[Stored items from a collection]

----

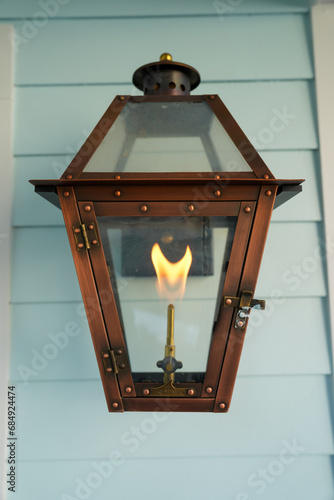 Glowing flame of natural gas lamp
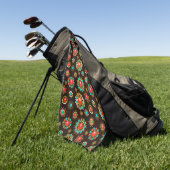 民族ブローチ シームレス パターン ゴルフタオル (グリーン)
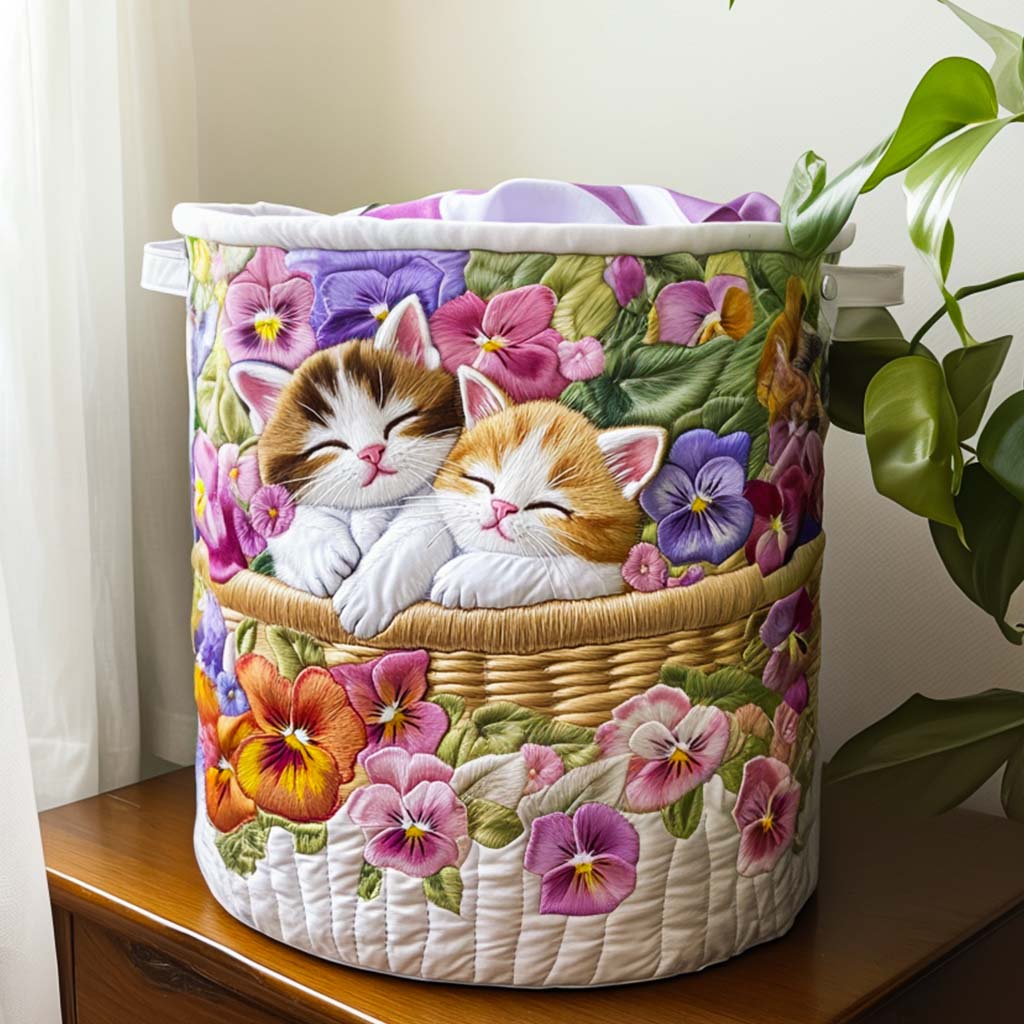 Kitten Chaos Quilted Laundry Basket Anniversary Merch Gift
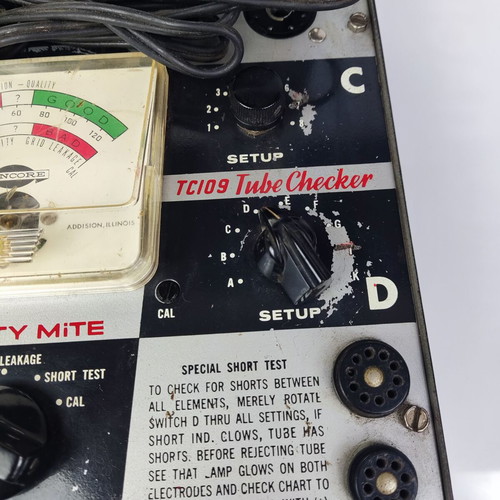Sencore Mighty Mite TC109 tube tester used with original manual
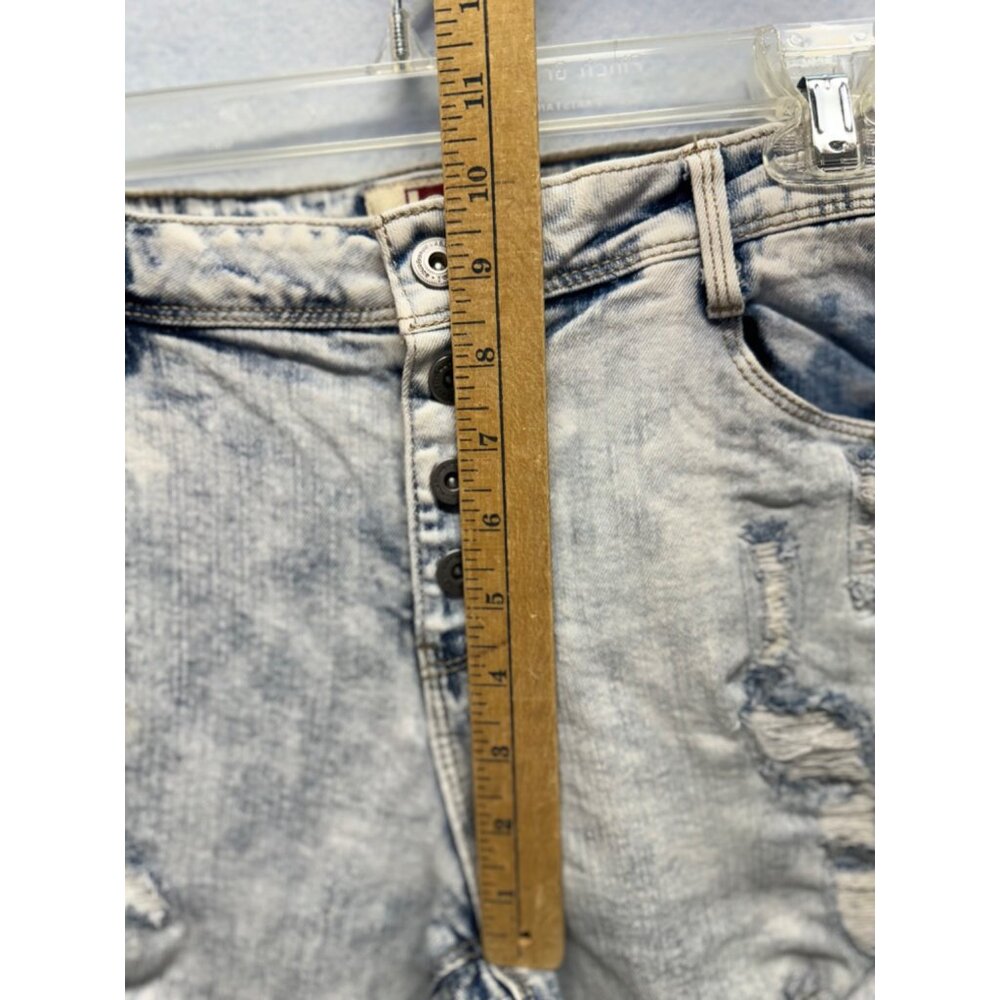 L.E.I. Ladies Juniors Distressed Button Fly Stretch Jeans Blue Size 13 Regular - Picture 10 of 14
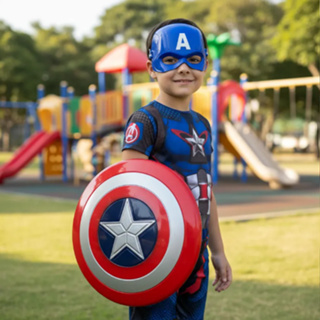 Fantasia Roupa Infantil Capitão América Com Escudo e Mascara De Plastico + Brinde em Oferta na Shopee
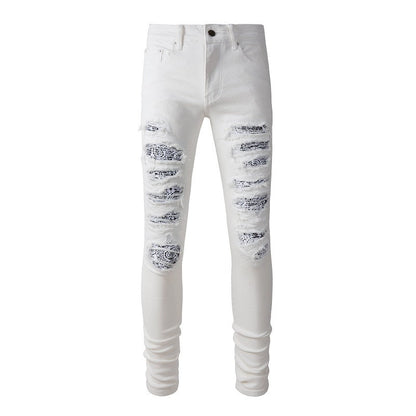 High Street White Slim Fit Elastic Ripped Patch Denim Casual Pants #843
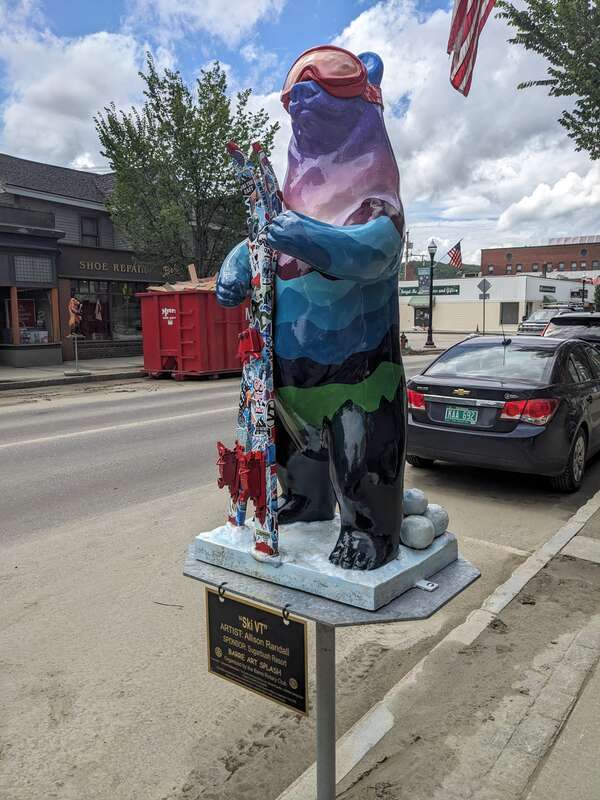 "Ski VT" bear sculpture by Allison Randall, Barre Art Splash, on Main Street in downtown Barre, Vermont. Organized by the Barre Rotary Club.
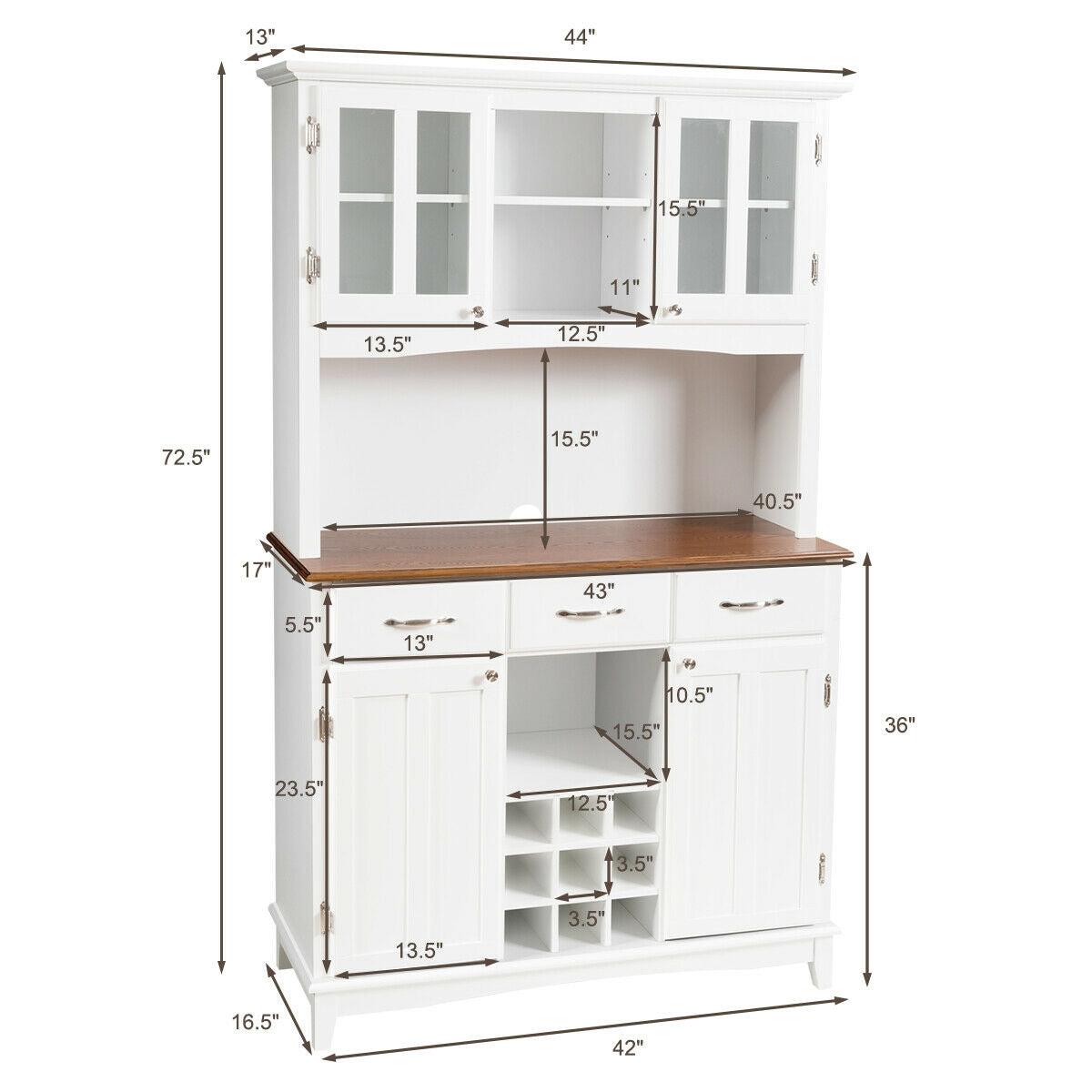 Wood Buffet Hutch Cabinet with 3 Large Drawers-Sideboards & Buffets-DECOROLALA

----

DIRECTIONS
The copy you return must match the records above exactly, minus any images.

SOLUTION FOR THIS PROBLEM
 Glowing flame of natural gas lamp
 民族ブローチ シームレス パターン ゴルフタオル (グリーン)
 Kitten Chaos Quilted Laundry Basket Anniversary Merch Gift
Sencore Mighty Mite TC109 tube tester used with original manual
 L.E.I. Ladies Juniors Distressed Button Fly Stretch Jeans Blue Size 13 Regular - Picture 10 of 14
 Fantasia Roupa Infantil Capitão América Com Escudo e Mascara De Plastico + Brinde em Oferta na Shopee
 High Street White Slim Fit Elastic Ripped Patch Denim Casual Pants #843
 "Ski VT" bear sculpture by Allison Randall, Barre Art Splash, on Main Street in downtown Barre, Vermont. Organized by the Barre Rotary Club.
 Wood Buffet Hutch Cabinet with 3 Large Drawers-Sideboards & Buffets-DECOROLALA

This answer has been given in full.